DIRECTIONS FOR THIS TASK
In the listing that follows, locate the line containing "Daily buffet breakfast (EUR 10 per person)" and the line containing "I5 8th gen 8". Retype exactly those two lines and every line between them, and nothing more.

# # #

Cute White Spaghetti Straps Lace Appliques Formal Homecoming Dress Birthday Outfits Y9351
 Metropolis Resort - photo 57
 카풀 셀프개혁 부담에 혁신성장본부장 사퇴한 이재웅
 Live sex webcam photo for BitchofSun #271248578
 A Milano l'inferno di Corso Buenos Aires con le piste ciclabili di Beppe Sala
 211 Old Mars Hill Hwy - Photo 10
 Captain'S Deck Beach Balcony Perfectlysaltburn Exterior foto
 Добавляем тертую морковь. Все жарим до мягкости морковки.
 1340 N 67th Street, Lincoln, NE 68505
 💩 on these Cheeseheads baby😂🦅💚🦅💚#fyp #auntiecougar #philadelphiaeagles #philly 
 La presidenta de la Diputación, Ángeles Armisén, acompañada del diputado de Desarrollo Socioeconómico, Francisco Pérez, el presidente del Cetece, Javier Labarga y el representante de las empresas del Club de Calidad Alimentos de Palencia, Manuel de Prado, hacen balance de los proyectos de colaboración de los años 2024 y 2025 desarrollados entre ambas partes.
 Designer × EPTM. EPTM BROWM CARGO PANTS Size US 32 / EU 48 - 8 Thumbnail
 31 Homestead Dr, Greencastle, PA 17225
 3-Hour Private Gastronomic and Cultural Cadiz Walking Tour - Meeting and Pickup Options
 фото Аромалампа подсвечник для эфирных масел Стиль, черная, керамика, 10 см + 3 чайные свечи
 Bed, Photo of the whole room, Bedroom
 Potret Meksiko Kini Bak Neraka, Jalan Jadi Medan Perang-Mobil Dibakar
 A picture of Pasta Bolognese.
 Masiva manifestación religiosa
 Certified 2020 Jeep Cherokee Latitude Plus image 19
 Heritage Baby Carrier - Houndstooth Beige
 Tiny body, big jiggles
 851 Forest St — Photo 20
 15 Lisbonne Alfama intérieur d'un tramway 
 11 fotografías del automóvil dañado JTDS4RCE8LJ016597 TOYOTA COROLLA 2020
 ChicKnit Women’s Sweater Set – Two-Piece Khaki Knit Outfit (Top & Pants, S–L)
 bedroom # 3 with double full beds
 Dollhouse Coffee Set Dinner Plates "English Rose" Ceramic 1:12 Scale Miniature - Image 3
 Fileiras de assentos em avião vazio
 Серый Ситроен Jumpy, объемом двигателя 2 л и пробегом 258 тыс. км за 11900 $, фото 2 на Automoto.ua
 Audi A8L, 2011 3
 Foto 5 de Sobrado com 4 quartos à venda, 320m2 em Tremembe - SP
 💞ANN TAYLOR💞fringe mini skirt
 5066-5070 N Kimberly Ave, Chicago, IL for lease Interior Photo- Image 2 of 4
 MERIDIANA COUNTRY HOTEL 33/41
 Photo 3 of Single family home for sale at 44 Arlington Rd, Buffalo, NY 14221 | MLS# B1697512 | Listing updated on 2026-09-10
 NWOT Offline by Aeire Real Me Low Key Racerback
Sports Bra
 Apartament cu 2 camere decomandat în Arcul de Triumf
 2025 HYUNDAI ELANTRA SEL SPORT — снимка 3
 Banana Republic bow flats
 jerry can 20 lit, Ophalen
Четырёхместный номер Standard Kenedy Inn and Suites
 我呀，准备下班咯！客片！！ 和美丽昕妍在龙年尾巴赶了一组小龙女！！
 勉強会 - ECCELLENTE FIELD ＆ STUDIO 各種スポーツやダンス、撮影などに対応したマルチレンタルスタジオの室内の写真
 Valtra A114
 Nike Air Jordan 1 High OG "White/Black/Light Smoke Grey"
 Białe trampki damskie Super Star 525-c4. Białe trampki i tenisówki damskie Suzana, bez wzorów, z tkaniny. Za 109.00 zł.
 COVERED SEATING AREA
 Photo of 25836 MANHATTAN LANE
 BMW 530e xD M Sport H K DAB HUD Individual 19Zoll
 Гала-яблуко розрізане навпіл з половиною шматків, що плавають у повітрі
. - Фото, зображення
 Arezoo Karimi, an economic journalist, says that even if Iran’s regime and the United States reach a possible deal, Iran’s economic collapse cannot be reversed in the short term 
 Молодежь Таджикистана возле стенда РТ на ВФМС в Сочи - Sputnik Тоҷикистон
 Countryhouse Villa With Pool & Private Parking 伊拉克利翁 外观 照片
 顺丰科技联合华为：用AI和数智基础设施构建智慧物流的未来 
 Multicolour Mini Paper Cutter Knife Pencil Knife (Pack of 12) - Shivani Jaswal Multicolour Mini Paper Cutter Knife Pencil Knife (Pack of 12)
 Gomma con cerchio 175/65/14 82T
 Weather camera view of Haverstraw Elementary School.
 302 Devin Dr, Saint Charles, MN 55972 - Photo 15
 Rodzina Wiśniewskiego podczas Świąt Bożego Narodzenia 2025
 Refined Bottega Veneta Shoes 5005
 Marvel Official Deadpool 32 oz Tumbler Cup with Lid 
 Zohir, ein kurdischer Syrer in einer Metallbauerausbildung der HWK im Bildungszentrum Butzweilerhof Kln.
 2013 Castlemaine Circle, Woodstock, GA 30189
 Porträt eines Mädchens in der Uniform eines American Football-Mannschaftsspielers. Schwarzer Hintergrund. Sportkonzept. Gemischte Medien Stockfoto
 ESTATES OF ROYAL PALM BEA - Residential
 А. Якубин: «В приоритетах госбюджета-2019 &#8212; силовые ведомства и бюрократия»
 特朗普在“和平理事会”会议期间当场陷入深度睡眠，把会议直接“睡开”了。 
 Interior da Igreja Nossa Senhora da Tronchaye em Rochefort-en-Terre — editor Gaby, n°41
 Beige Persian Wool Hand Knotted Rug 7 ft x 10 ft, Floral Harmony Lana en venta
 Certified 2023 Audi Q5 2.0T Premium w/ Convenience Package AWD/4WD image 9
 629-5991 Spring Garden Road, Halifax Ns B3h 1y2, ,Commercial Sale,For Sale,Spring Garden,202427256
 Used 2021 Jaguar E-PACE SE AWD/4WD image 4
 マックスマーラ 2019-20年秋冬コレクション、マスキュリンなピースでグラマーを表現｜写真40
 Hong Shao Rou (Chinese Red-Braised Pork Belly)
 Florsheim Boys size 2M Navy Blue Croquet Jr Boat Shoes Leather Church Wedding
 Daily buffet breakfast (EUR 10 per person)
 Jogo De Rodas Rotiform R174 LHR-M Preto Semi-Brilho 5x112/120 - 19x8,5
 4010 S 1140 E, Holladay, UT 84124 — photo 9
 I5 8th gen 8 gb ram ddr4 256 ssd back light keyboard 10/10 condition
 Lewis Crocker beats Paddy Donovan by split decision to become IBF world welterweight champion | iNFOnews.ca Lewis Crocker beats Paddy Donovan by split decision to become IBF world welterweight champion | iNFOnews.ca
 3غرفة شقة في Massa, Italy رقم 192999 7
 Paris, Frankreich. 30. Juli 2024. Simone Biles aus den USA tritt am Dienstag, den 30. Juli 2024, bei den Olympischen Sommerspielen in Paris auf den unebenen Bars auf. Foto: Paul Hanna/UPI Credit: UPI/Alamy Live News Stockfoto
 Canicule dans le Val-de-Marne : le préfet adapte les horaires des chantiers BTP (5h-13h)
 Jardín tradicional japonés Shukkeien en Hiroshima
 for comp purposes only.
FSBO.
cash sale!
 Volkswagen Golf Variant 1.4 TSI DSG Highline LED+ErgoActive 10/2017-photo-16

# # #

EXPECTED OUTPUT
 Daily buffet breakfast (EUR 10 per person)
 Jogo De Rodas Rotiform R174 LHR-M Preto Semi-Brilho 5x112/120 - 19x8,5
 4010 S 1140 E, Holladay, UT 84124 — photo 9
 I5 8th gen 8 gb ram ddr4 256 ssd back light keyboard 10/10 condition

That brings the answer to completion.